Kristen Mantell
Love Kristen Mantell, BBCI

Owner of Wild World Mama, LLC
DONA-Trained Birth Doula
Certified Birth Boot Camp Instructor
Professional Graphic Designer

Hi I'm Kristen

I’m a mama to 2 young children, 2 goofball german shepherds, and a not-so-little gray house cat. I’m married to a handsome, burly man, who is an amazing husband and father. I love black coffee, serial killer documentaries, Jonathan from Queer Eye, the Hidden Brain podcast, and singer-songwriter music. I adore being around people who speak their truths and don’t give a hoot what other people think! Something I strive to do myself, I’m a work-in-progress.
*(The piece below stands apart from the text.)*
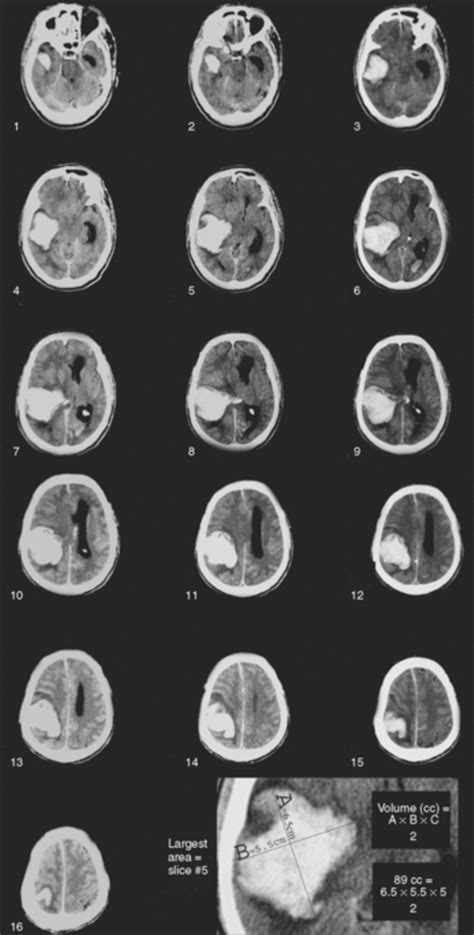 Spontaneous Intraparenchymal Hemorrhage | Radiology Key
I’m a professional designer with over 10 years experience, who after having children and becoming aware firsthand of the maternity care crisis in America felt an overwhelming need to do something about it!
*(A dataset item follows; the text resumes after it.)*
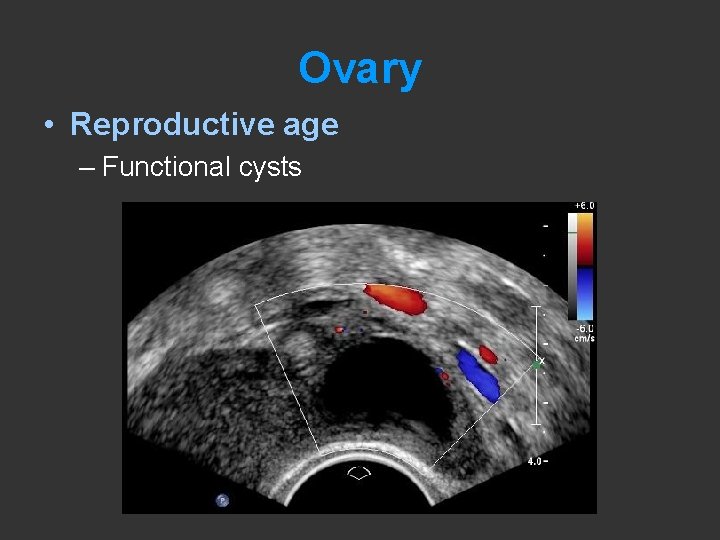 Ovary • Reproductive age – Functional cysts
I became a DONA-trained birth doula, certified as a childbirth educator with Birth Boot Camp. I educated myself from here to Sunday! 

Birth is as beautiful as it is intense. Mamas are strong as hell! We are dealing with a lot of completely unnecessary fear, harm, and trauma in the realm of childbirth. The consequences of this harm trickles subtly and not so subtly into our lives in every way, even long after birth. Pregnancy, birth, and postpartum is a monumentally transformative time and the current United States maternity care system is, for lack of a better term… fucking it up.

**Important note** 
If you don’t think our current maternity care system could use some serious improvement, Wild World Mama might not be your cup of tea. I recommend the books “Optimal Care in Childbirth”  and “Cut It Out” as further reading. Much love.
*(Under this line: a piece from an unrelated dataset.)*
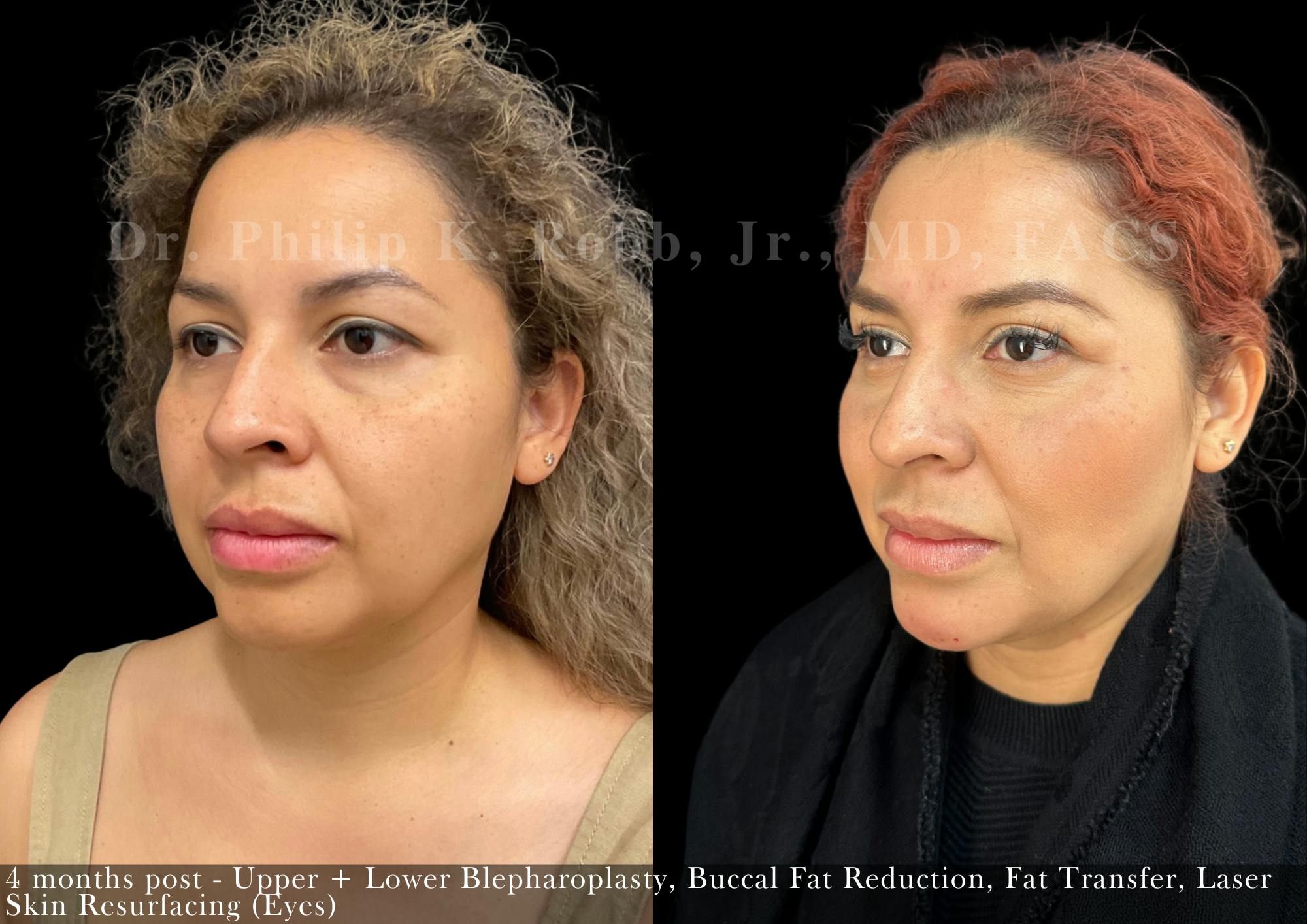 Fat Transfer Before & After Gallery - Patient 161341 - Image 3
We need to take birth back. 

Midwives, Doulas, and all those in wellness professions helping mamas have better, safer pregnancies, births, and postpartums, YOU are all incredible humans! I want to help support you.

How can I help you as designer and birth worker?

I can use my design expertise and knowledge of birth to help the ones working directly with the mamas. To support the change drivers, the ones who are improving birth for us all, the people like YOU. I’m here to help support you, so you can inform and support more mamas!

In short, I offer graphic design and website services for birth and wellness professionals to support them in their efforts towards improving maternity care in America.

That is a little snippet who I am and what I can offer. 

In true doula fashion, know we’ve got this! Let’s do this, together.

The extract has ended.